Beginning with the line containing "That doesn't go" and going on through the line containing "Adapters seem to", the lines below are to be returned exactly, pictures excluded and nothing added.

=== STUDY MATERIAL ===
☆ ☆ ☆ ☆ ☆

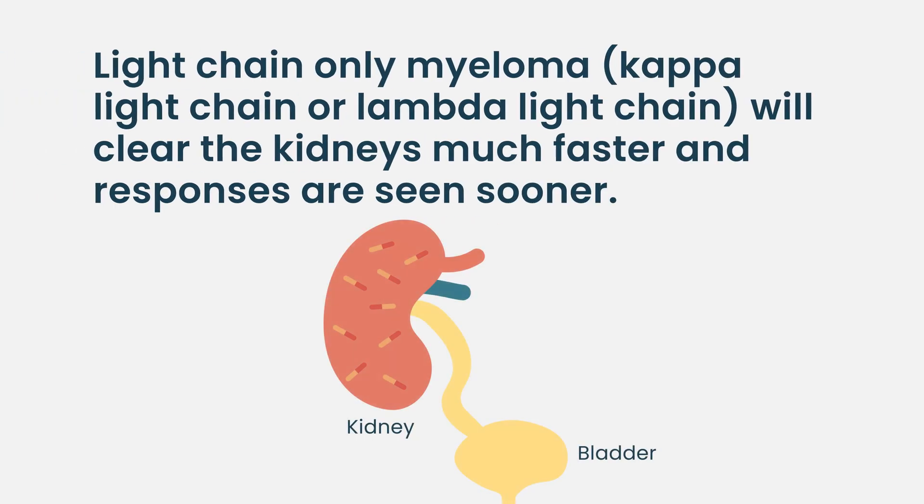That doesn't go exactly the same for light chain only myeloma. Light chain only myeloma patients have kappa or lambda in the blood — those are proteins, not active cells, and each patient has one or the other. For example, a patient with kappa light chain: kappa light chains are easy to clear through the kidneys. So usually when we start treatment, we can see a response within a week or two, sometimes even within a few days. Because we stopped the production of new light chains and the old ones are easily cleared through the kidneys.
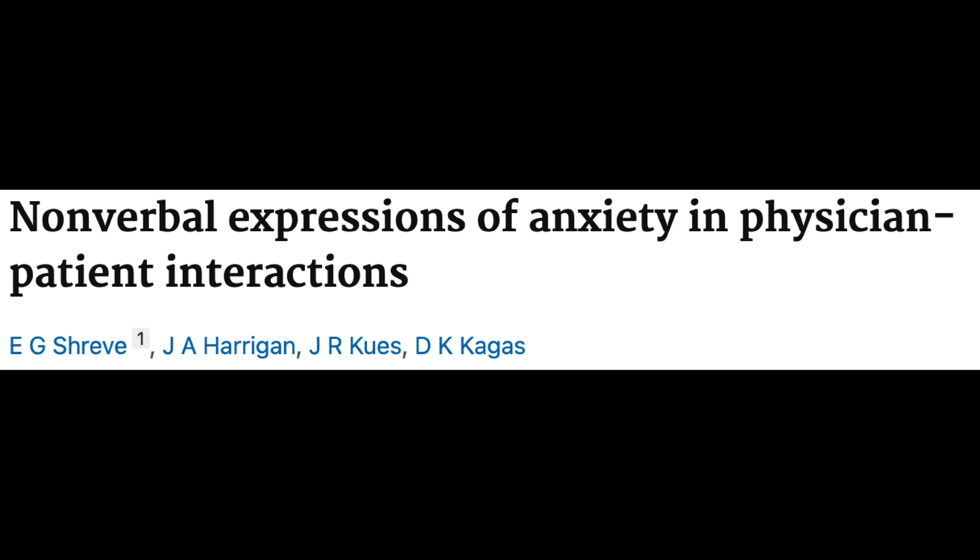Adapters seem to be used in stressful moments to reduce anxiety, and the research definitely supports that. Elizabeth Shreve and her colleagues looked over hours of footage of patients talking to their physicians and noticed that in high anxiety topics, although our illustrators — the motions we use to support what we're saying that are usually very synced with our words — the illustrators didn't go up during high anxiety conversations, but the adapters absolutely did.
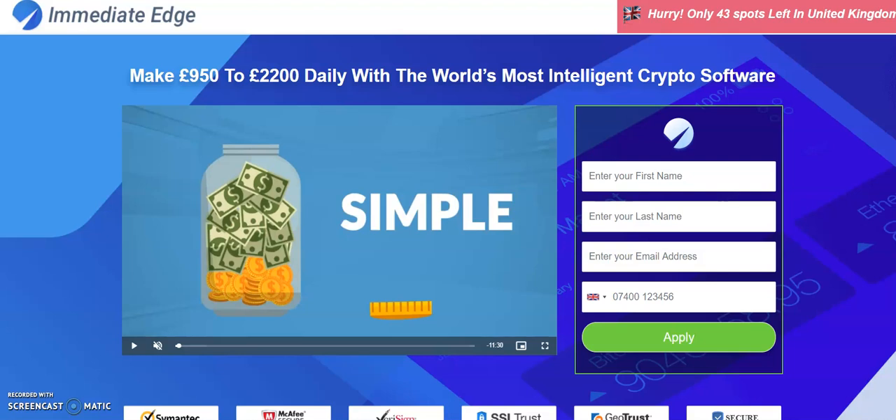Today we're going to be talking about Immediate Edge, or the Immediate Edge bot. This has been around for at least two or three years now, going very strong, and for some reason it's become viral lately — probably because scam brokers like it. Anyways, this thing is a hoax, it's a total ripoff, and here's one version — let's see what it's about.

☆ ☆ ☆ ☆ ☆

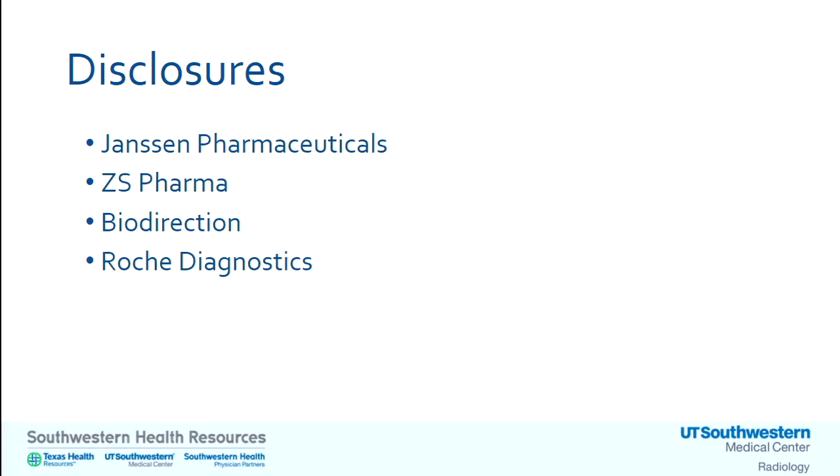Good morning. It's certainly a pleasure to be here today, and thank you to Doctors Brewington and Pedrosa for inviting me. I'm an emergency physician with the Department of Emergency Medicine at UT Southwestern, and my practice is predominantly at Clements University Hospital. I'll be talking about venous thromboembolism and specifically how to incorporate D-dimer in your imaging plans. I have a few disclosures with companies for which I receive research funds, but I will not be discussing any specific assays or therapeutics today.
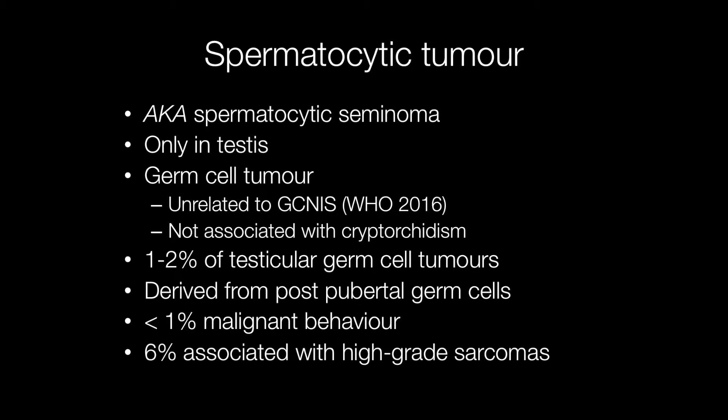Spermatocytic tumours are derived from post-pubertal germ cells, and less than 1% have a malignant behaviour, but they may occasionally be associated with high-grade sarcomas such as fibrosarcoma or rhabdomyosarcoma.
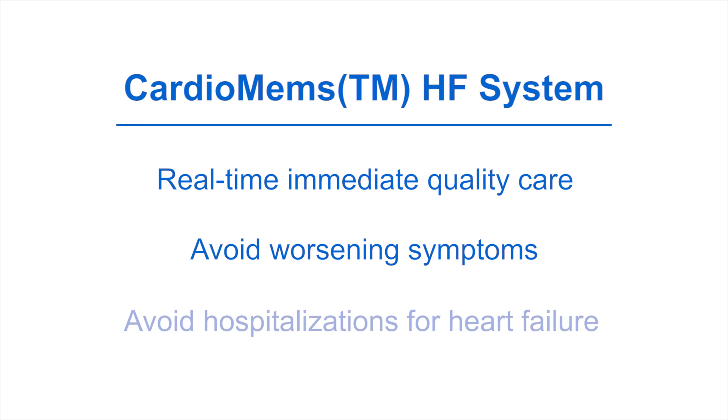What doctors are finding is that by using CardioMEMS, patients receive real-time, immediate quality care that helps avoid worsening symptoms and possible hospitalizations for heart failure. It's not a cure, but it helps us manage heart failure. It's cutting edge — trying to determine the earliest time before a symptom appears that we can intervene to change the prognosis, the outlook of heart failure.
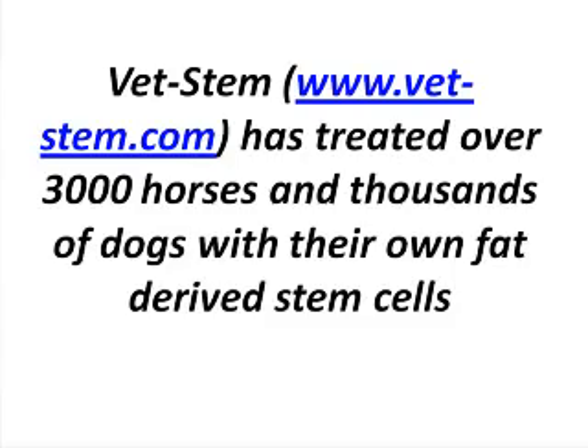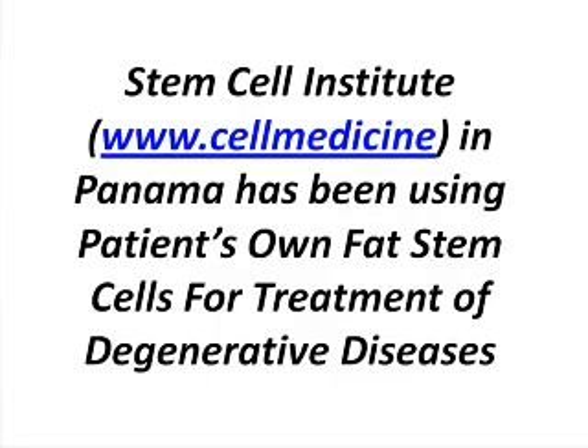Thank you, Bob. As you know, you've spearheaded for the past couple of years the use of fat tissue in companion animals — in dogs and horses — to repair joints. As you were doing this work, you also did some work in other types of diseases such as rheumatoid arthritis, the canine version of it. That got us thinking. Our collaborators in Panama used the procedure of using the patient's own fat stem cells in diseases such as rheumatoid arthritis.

☆ ☆ ☆ ☆ ☆

=== THE COMPLETED TASK ===
That doesn't go exactly the same for light chain only myeloma. Light chain only myeloma patients have kappa or lambda in the blood — those are proteins, not active cells, and each patient has one or the other. For example, a patient with kappa light chain: kappa light chains are easy to clear through the kidneys. So usually when we start treatment, we can see a response within a week or two, sometimes even within a few days. Because we stopped the production of new light chains and the old ones are easily cleared through the kidneys.
Adapters seem to be used in stressful moments to reduce anxiety, and the research definitely supports that. Elizabeth Shreve and her colleagues looked over hours of footage of patients talking to their physicians and noticed that in high anxiety topics, although our illustrators — the motions we use to support what we're saying that are usually very synced with our words — the illustrators didn't go up during high anxiety conversations, but the adapters absolutely did.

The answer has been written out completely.